Szacunki są prawdopodobne i rzeczywiście świadczyłyby o dużym zainteresowaniu medialnym. Jednak wiadomość nie zrobiła zbytniego wrażenia ani na krakowianach, ani na lokalnych dziennikarzach. Dlaczego? Odpowiedź jest prosta. W zeszłym roku Kraków odwiedziło 10 mln turystów, w tym ponad 4 mln zagranicznych. Tym razem tylko w jednym, ostatnim, tygodniu lipca pod Wawel ma przybyć nawet 2,5 mln pielgrzymów. Delikatnie mówiąc, tego nie da się nie zauważyć, a przede wszystkim odczuć. Autokary i samochody, które zaparkują w tym czasie w mieście, zajmą 82 km ulic! Lokalnym przebojem medialnym lutego był wywiad prezydenta miasta Jacka Majchrowskiego dla Radia Kraków. Podpuszczony nieco przez dziennikarza pytaniem, czy na czas ŚDM „lepiej wziąć urlop?", prezydent odpowiedział: „Zachęcam państwa do tego. Może być ciężko". Dodatkowo prof. Majchrowski potwierdził, że w tym czasie komunikacja miejska będzie mogła zaspokoić jedynie 40 proc. potrzeb, więc miejskie podróże trzeba będzie odbywać pieszo, bo „pielgrzymka ma to do siebie, że odbywa się na piechotę". Tak oto 750 tys. krakowian dowiedziało się, że alternatywą jest wyjazd z miasta lub tygodniowa miłość do walkingu.

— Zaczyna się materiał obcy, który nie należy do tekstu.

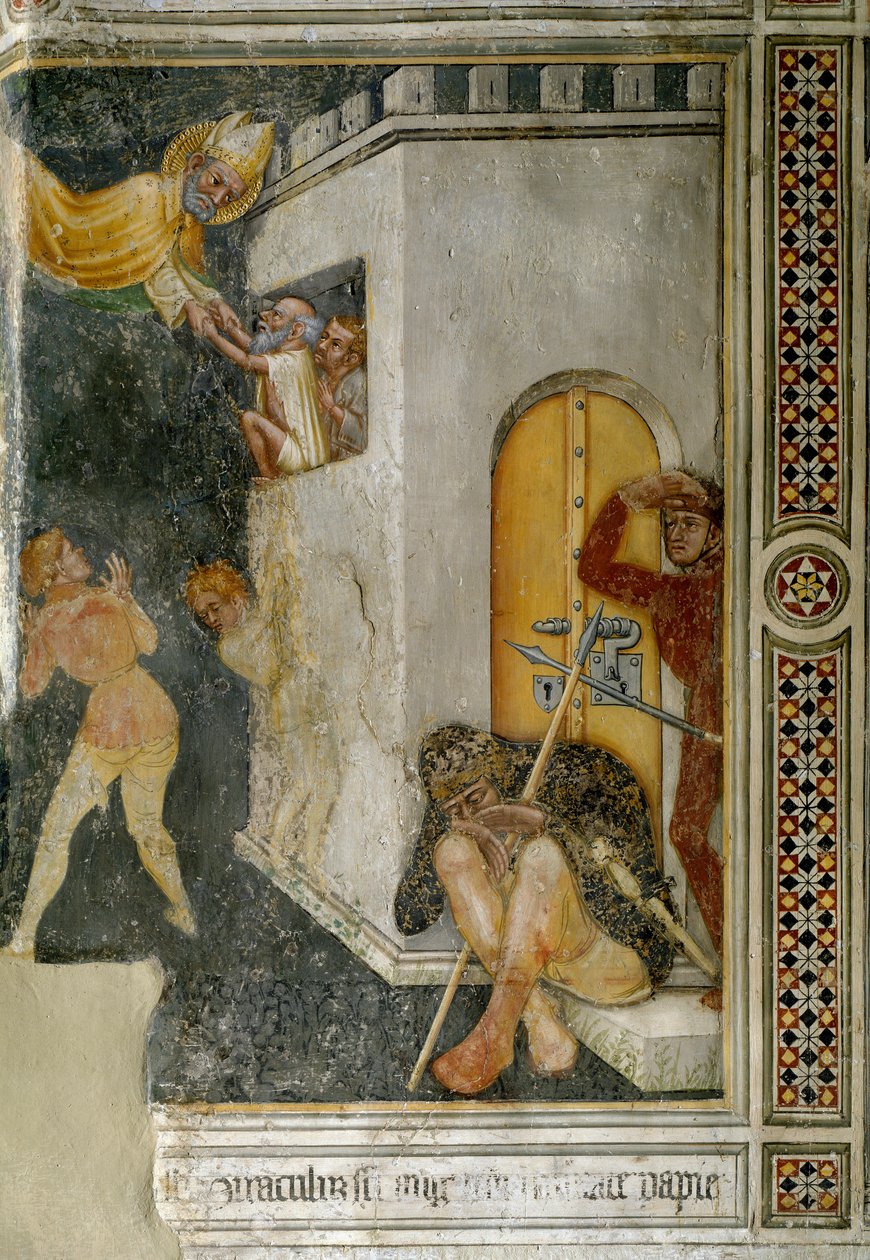 Szent Ágoston csodája, egy ártatlan foglyot szabadon engednek (Fresco alkotó: Ottaviano Nelli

Dwa tygodnie później miejski portal LoveKrakow doniósł, że możliwe jest przeniesienie miejsca spotkania młodzieży z papieżem z błoń w Brzegach pod Wieliczką na Błonia w Krakowie. Portal powoływał się przy tym na niejasną wypowiedź wojewody Pilcha, której pozostałe media nie mogły potwierdzić, bo wojewoda był nieuchwytny z powodu wyjazdu do stolicy na obrady rządu w sprawie specustawy dotyczącej... ŚDM. Zamieszanie w lokalnych mediach trwało cały dzień, bo taka zmiana wywracałaby do góry nogami cały plan organizacji Światowych Dni, który i tak jest pełen znaków zapytania.

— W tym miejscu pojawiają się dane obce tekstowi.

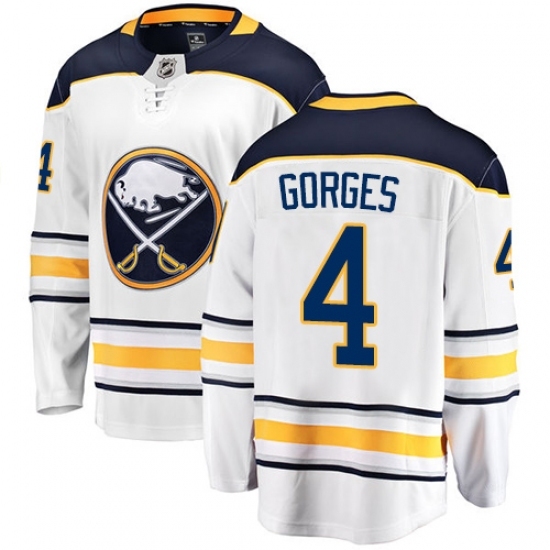 Youth Buffalo Sabres #4 Josh Gorges Fanatics Branded White Away Breakaway NHL Jersey Youth Buffalo Sabres #4 Josh Gorges Fanatics Branded White Away Breakaway NHL Jersey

Błonia w Brzegach po kilku godzinach opadów mają tendencję do zamieniania się w błotniste pole, a organizacja spotkania papieża z młodzieżą w tym miejscu przez wiele miesięcy opierała się na założeniu zamknięcia pobliskiego 10–20-km odcinka autostrady A4 i zamienienia go w parking dla autobusów z pielgrzymami. Sęk w tym, że pod koniec lutego nie zgodziło się na to Ministerstwo Infrastruktury, a planu B nie ma. Aha. Sama ewakuacja błoń po spotkaniu potrwa osiem godzin, a niektórzy pielgrzymi będą musieli do swoich autobusów maszerować jeszcze ponad cztery godziny.
Tymczasem kard. Dziwisz zaapelował do dziennikarzy: „Piszcie o Światowych Dniach Młodzieży obiektywnie i pozytywnie". W opisanej sytuacji jednych żurnalistów ta prośba rozbawiła, a dla innych jest sporym wyzwaniem. No, ale myślmy pozytywnie i – jak to ujął prezydent Krakowa – „zobaczymy, jak wyjdzie".